··· Exercise material
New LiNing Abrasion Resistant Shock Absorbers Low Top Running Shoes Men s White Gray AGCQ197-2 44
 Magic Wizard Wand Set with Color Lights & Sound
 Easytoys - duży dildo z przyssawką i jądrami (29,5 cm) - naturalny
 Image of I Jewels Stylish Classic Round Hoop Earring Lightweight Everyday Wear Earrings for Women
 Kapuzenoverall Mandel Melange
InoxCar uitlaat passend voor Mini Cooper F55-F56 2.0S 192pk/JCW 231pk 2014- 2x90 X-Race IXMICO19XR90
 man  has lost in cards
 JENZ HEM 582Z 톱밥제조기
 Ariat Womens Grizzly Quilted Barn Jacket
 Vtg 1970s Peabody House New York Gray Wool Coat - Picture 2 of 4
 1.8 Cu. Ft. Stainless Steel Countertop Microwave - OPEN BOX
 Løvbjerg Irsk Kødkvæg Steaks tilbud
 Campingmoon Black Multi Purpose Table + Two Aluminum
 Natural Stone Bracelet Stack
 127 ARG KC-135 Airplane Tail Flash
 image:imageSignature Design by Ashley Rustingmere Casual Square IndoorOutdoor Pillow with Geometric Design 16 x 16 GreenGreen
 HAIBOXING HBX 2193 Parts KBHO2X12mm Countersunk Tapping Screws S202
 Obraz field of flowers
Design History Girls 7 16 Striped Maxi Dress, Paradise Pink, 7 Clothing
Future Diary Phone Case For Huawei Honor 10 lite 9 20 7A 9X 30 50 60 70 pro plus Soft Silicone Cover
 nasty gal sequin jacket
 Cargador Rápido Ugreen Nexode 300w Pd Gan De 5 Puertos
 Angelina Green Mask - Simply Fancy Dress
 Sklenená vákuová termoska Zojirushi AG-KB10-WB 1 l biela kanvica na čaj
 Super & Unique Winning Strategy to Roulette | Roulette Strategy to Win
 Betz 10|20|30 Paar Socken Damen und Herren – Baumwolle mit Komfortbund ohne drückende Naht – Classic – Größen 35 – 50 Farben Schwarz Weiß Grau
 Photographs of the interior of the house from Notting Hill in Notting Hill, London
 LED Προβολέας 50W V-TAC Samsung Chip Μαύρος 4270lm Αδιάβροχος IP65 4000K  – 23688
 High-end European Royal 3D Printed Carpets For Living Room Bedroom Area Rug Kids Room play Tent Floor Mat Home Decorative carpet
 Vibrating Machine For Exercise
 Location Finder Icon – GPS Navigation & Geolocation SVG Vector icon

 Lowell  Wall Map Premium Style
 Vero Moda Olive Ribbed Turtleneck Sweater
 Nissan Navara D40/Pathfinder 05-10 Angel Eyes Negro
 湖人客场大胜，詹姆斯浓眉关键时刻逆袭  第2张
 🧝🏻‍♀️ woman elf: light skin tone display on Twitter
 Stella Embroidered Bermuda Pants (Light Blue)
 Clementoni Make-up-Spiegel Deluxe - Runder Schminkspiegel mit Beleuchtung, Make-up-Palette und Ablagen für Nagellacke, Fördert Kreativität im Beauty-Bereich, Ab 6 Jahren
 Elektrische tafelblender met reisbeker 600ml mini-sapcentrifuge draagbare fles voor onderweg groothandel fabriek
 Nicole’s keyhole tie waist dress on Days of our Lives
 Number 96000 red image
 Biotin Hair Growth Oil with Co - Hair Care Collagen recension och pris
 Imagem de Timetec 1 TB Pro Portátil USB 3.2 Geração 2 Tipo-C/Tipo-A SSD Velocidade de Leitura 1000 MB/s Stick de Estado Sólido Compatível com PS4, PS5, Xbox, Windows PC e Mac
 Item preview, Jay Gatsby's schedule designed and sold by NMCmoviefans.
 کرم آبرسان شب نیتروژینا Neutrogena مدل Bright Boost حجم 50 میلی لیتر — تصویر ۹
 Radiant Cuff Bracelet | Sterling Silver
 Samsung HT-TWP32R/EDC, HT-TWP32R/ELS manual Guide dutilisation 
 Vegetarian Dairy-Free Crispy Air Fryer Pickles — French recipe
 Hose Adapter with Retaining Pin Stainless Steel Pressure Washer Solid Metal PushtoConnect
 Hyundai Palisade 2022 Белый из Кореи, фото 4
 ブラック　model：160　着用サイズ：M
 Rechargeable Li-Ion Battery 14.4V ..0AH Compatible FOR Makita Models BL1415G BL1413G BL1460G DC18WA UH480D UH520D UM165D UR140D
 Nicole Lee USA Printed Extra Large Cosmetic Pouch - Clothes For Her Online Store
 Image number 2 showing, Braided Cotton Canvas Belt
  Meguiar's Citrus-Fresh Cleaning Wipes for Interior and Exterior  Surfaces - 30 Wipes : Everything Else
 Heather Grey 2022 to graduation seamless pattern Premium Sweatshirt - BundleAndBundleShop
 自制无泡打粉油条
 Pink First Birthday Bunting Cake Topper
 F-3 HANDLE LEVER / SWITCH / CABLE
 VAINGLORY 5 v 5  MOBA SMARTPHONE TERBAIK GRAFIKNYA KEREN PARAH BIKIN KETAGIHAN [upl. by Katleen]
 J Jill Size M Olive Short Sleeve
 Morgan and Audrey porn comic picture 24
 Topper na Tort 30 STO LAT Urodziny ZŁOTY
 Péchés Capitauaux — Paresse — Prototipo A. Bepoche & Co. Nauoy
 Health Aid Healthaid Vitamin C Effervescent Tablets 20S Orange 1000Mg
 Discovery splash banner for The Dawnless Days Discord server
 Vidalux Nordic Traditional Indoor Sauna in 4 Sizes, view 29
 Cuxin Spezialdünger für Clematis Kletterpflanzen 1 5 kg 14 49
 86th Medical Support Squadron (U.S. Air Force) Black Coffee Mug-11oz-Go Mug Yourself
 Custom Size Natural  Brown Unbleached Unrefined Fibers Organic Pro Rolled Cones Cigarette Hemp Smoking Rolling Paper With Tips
······
▶ _Your task_
Check every line above for the string "Classic", and copy the ones that have it.

▶ _Problem solution_
 Image of I Jewels Stylish Classic Round Hoop Earring Lightweight Everyday Wear Earrings for Women
 Betz 10|20|30 Paar Socken Damen und Herren – Baumwolle mit Komfortbund ohne drückende Naht – Classic – Größen 35 – 50 Farben Schwarz Weiß Grau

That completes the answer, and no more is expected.